■ Action item ■
From the first line to the last, print the material exactly, skipping the pictures.
[Data shown — start]
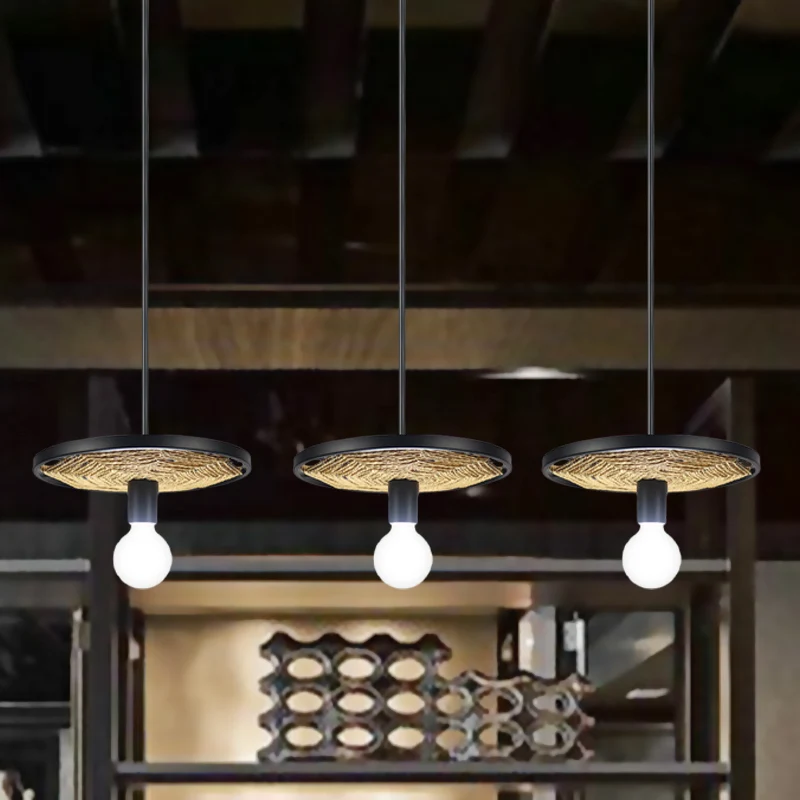 Metalen ring hanglamp moderne stijl 1/3-lichts plafondlamp met zwarte afwerking en touwdetail voor eetkamer Clearhalo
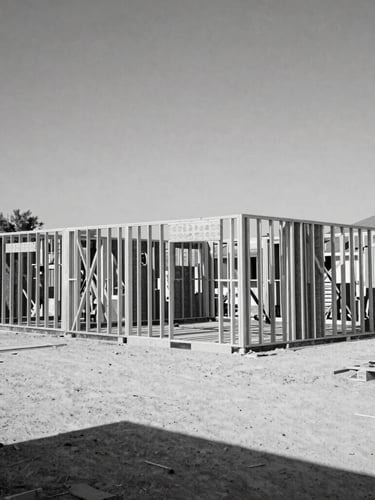 Wide-angle gritty editorial shot of a Houston residential renovation site under harsh midday Texas sun, exposed framing, high-contrast desaturated tones.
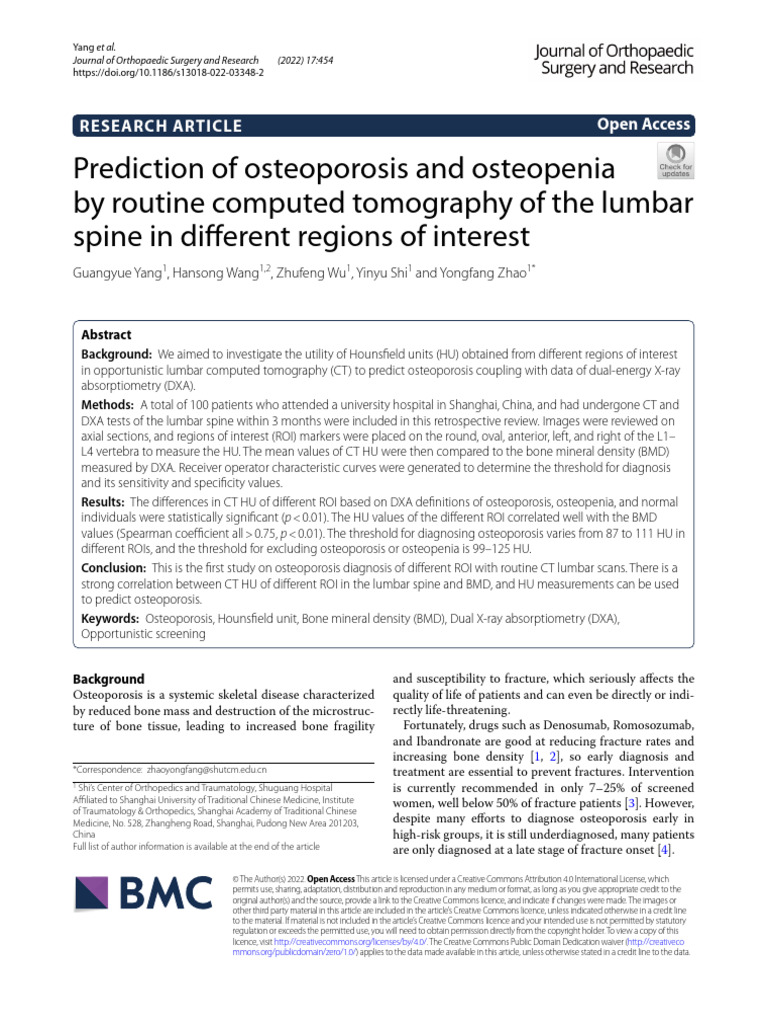 Prediction of Osteoporosis and Osteopenia by Routine Computed ...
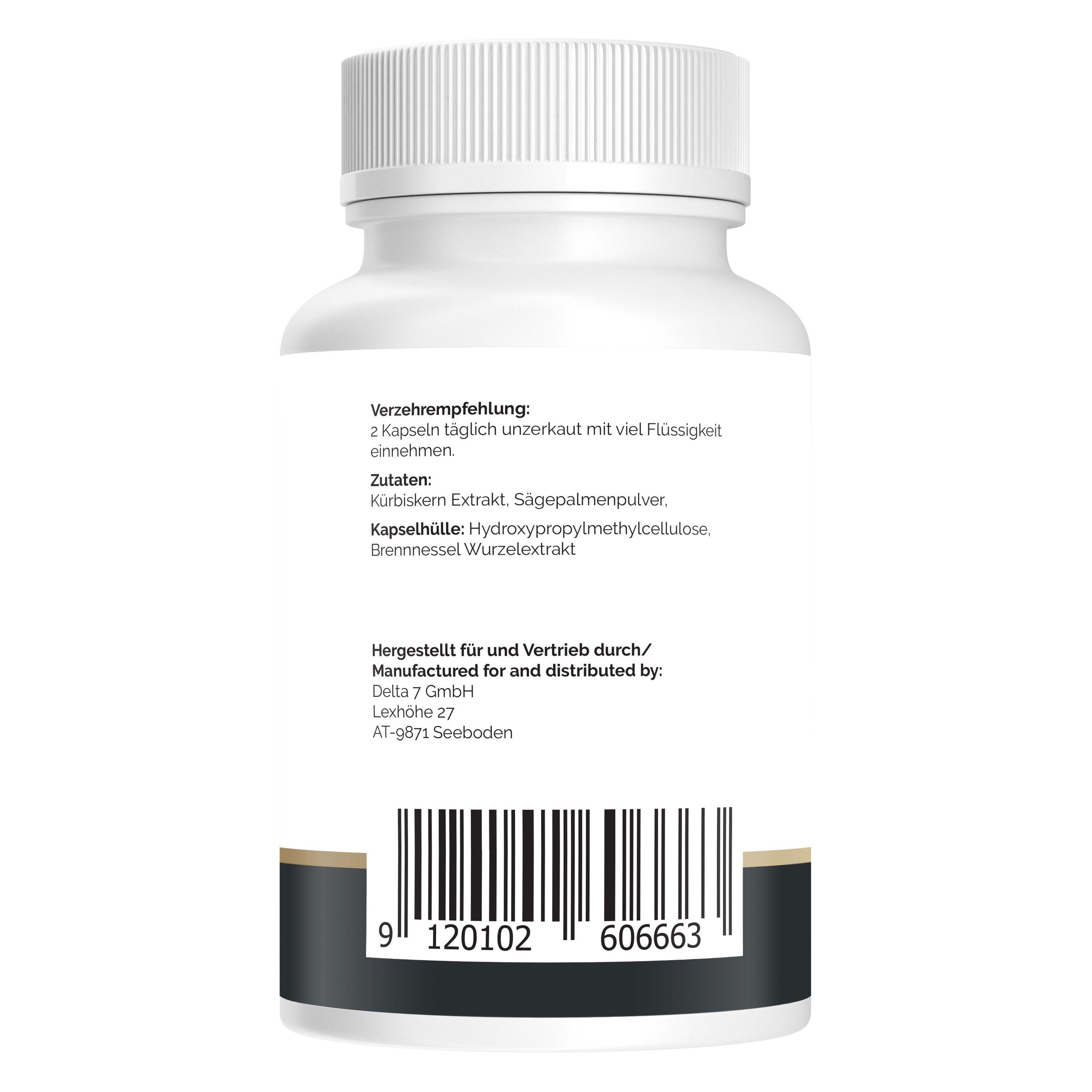 Rückseite einer weißen Pillenflasche. Text: Verzehrempfehlung, Zutaten, Herstellerinformationen, Barcode.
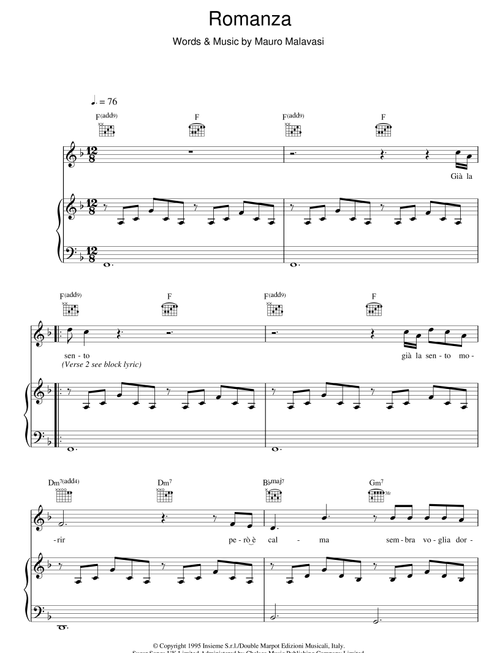 Romanza - Andrea Bocelli (Piano-Vocal-Guitar (Piano Accompaniment))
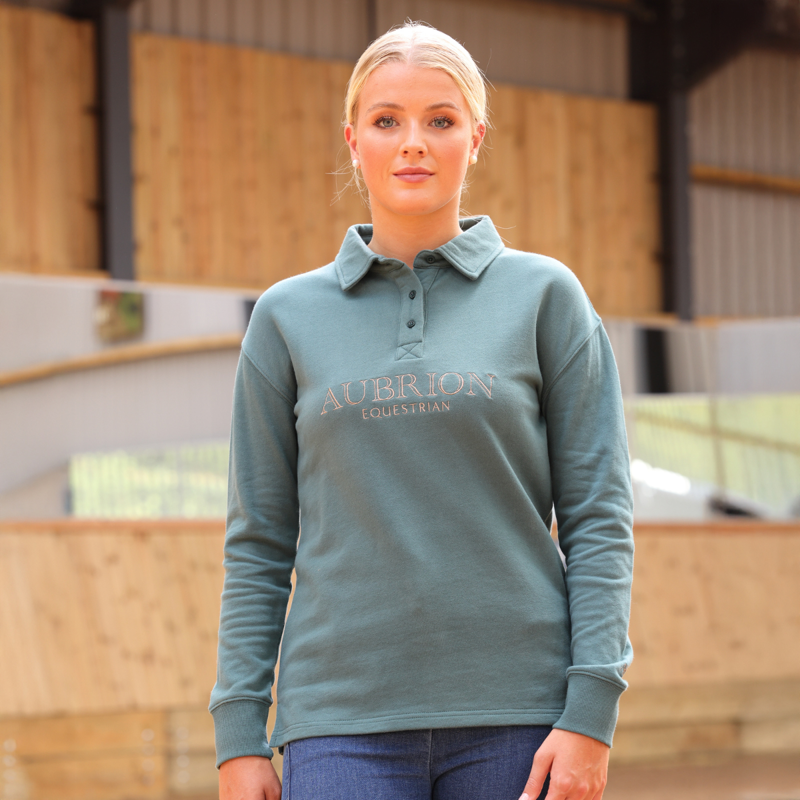 Aubrion Equestrian Button Sweatshirt - Thyme-4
[Data shown — finish]
■ Answer area ■
 Metalen ring hanglamp moderne stijl 1/3-lichts plafondlamp met zwarte afwerking en touwdetail voor eetkamer Clearhalo
 Wide-angle gritty editorial shot of a Houston residential renovation site under harsh midday Texas sun, exposed framing, high-contrast desaturated tones.
 Prediction of Osteoporosis and Osteopenia by Routine Computed ...
 Rückseite einer weißen Pillenflasche. Text: Verzehrempfehlung, Zutaten, Herstellerinformationen, Barcode.
 Romanza - Andrea Bocelli (Piano-Vocal-Guitar (Piano Accompaniment))
 Aubrion Equestrian Button Sweatshirt - Thyme-4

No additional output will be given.